Thank you Chris.

I agree with you wholeheartedly that the SQL should be optimized.
Now, I don't want to freeload on your time, but I have a very complex query,
which I have been pondering over for the last many days.
If anyone can tell me what query will return just one row for the problem I
have, s/he will be SQL Guru to me.

My problem is:
I have 3 tables (given below). A member of the staff takes courses and for
each course he has requirement id, these details get stored in the
staff_courses table. Each course taken will have a requirement specification
which could be any of 4 values given below (after the reqs table). I need to
get totals for each requirement for each member of the staff. I am using
MySQL (and cannot use sub-queries). I have been able to get the requirement
totals for each member using Group By reqid, but I get a separate row for
each requirement against the member of staff. So if a member has taken 3
courses, and one course has a reqid of 0 and the other two courses have a
reqid of 1, I get 2 rows in the result set for that staffid, one will
contain the reqid 0 and total as 1, while the second row will contain the
reqid as 1 and the total as 2.

Can I get the totals for each requirement in one row and can I do this in
one query?

1)"staff" table
staffid
branchid

2)"staff_courses" table
courseid
staffid
reqid

3)"reqs" table
reqid
requirement

contains the
reqid  requirement
0 No action
1 Primary requirement
2 Further requirement
3 Completed



-----Original Message-----
From: [EMAIL PROTECTED]
[mailto:[EMAIL PROTECTED]
t]On Behalf Of Chris Hewitt
Sent: Tuesday, September 24, 2002 1:49 PM
To: [EMAIL PROTECTED]
Cc: [EMAIL PROTECTED]
Subject: Re: [PHP] in a logic loop!


Naintara Jain wrote:

>What I am doing is:
>I maintain a set of details in say $prev_row (previous row) and another in
>cur_row (current row).
>The minute my cur_row detail (one unique id) doesn't match the prev_row
>detail, I print out all the previous row details, and reinitialize the
>various variables (all in a loop).
>
>This works fine for all cases but fails for the last ID, because of the
>logic used. Do I need to create a special case for the last one, or can
>anyone suggest a better way?
>
When you come out of your loop, either there will be one row left to
print, or there were no matching rows. Suggestion one is to test for
this and if there were matching rows, do a special case for the last row.

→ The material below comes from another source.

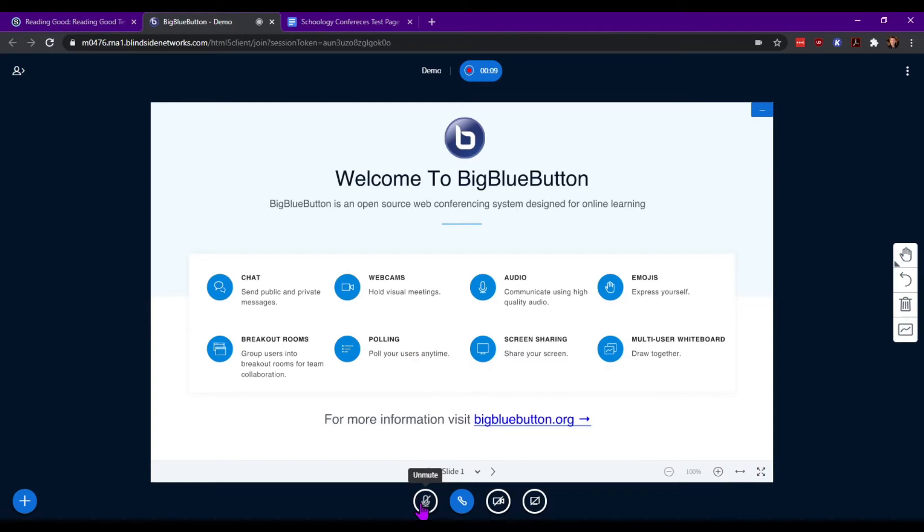You'll see the mute and unmute option as well as leaving audio. Keeping in mind, if you do leave the audio when you come back you will have to go through the echo check again.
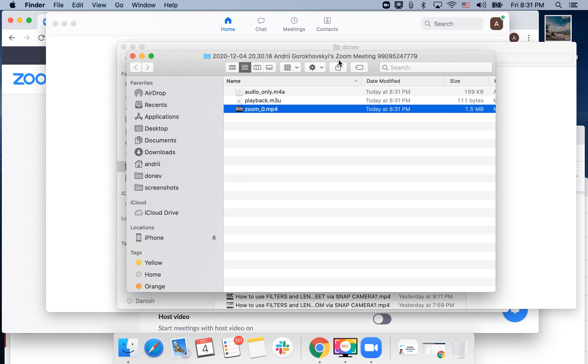So that's how you record yourself in Zoom. You can use it. Some people are using it to record video courses, presentations for school, and stuff like that.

Alternatively, you are printing a row when the ID changes, that is, the
last row of the 1 to 3 matching rows. Why not print the first one, not
last one? You change the logic
to print the first row then ignore others with the same ID. It could be
that (because of an Order By clause) the last row is the correct one and
the data may differ between rows with the same ID.

You say you do not want to do it in the SQL statement itself, but this
really is the right place. If MySQL use a LIMIT clause to only get one
row, if you cannot refine the SQL statement to only retrieve one row.